Top of Working data

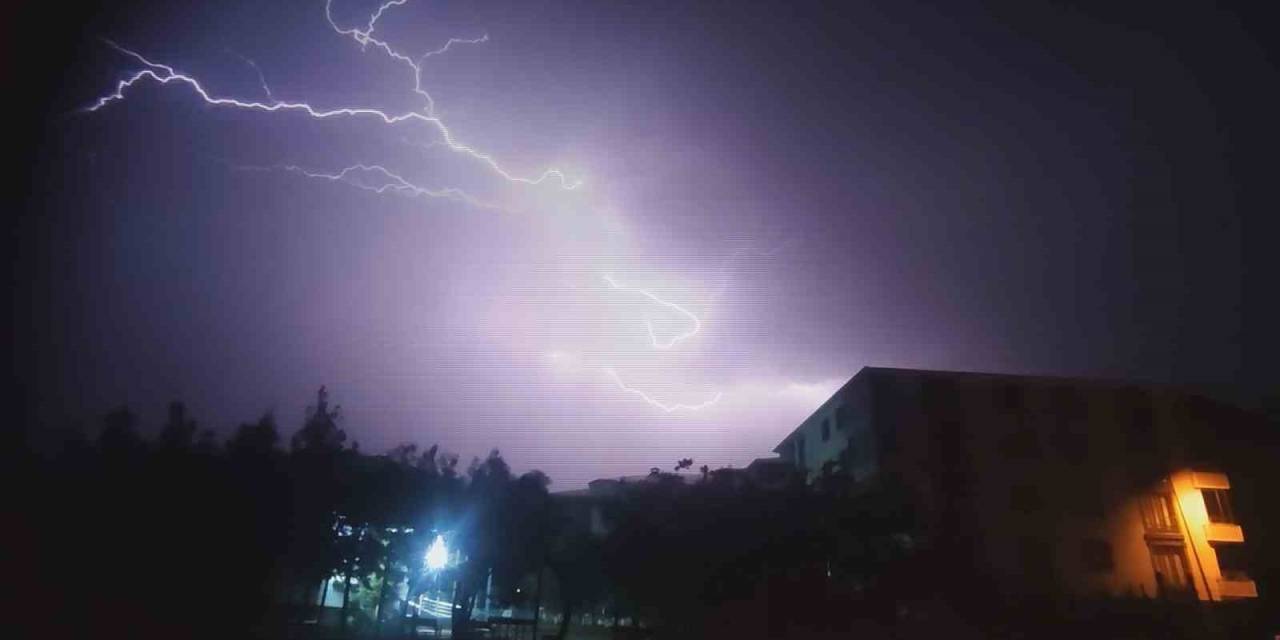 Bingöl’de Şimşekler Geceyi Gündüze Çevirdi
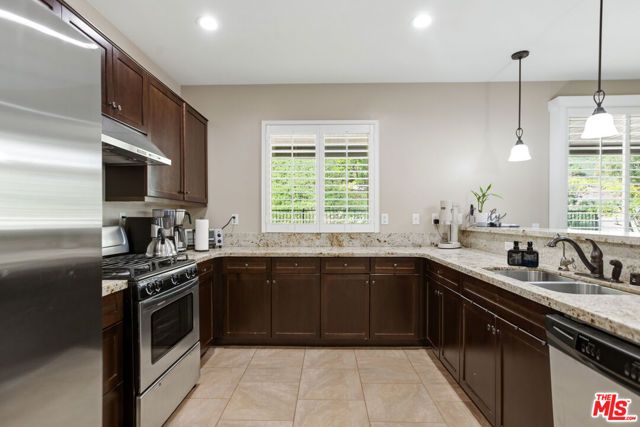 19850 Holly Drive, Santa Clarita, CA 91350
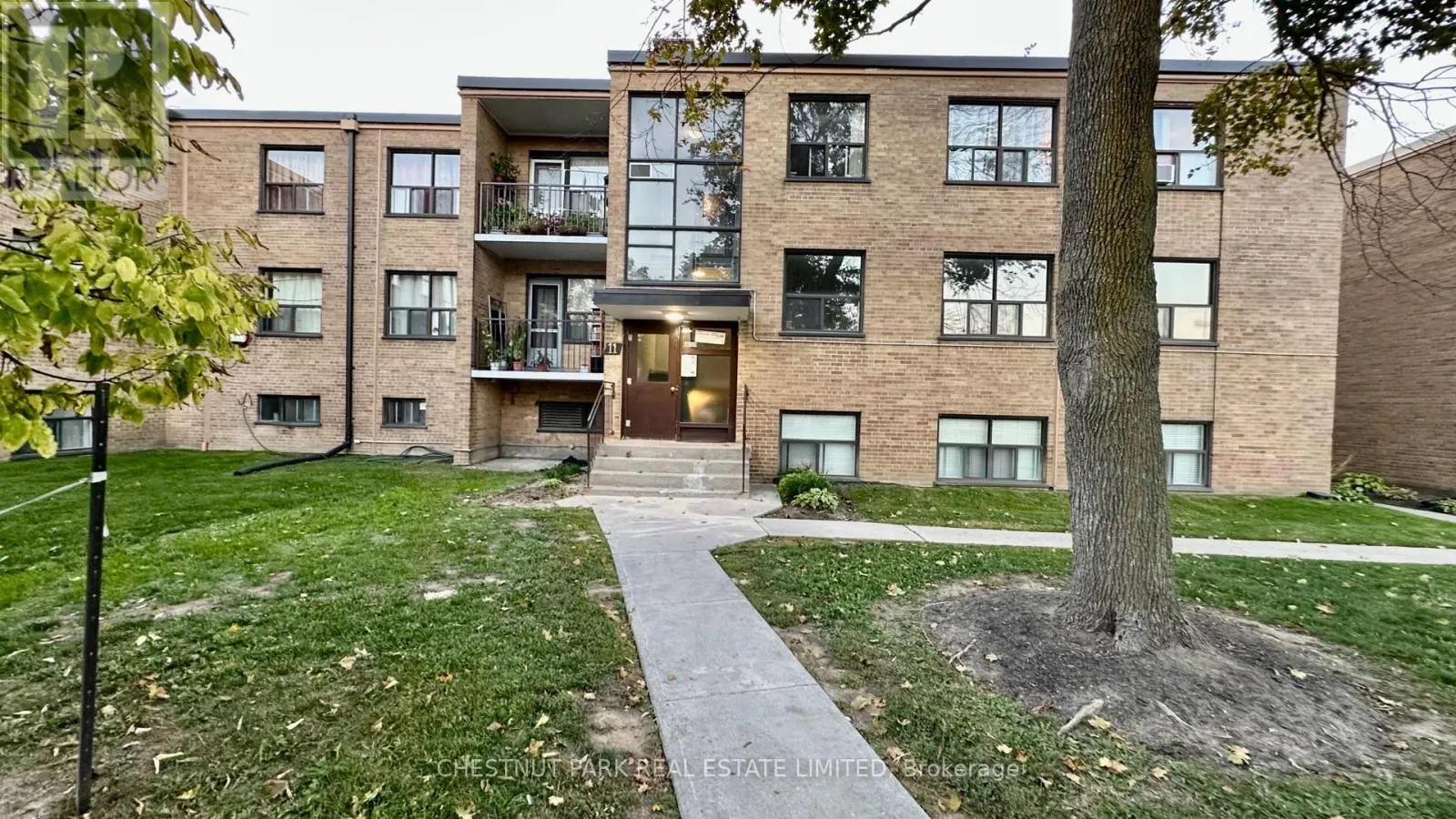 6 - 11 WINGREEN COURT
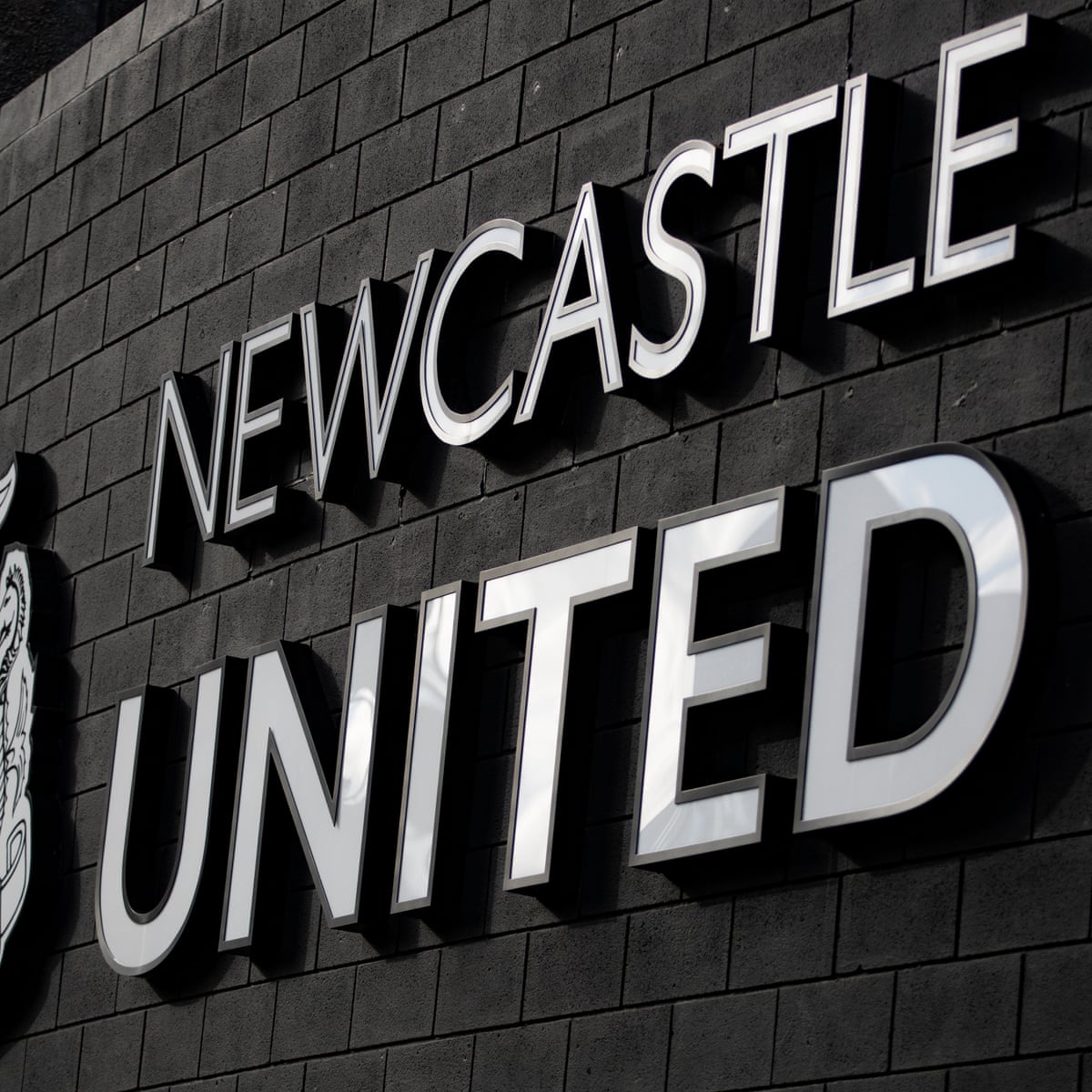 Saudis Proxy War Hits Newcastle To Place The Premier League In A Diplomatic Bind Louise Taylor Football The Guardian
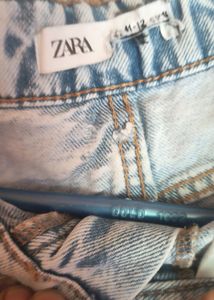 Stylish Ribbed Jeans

Bottom of Working data

Exercise: Return the material as it stands. Leave out the pictures.

Your response:
 Bingöl’de Şimşekler Geceyi Gündüze Çevirdi
 19850 Holly Drive, Santa Clarita, CA 91350
 6 - 11 WINGREEN COURT
 Saudis Proxy War Hits Newcastle To Place The Premier League In A Diplomatic Bind Louise Taylor Football The Guardian
 Stylish Ribbed Jeans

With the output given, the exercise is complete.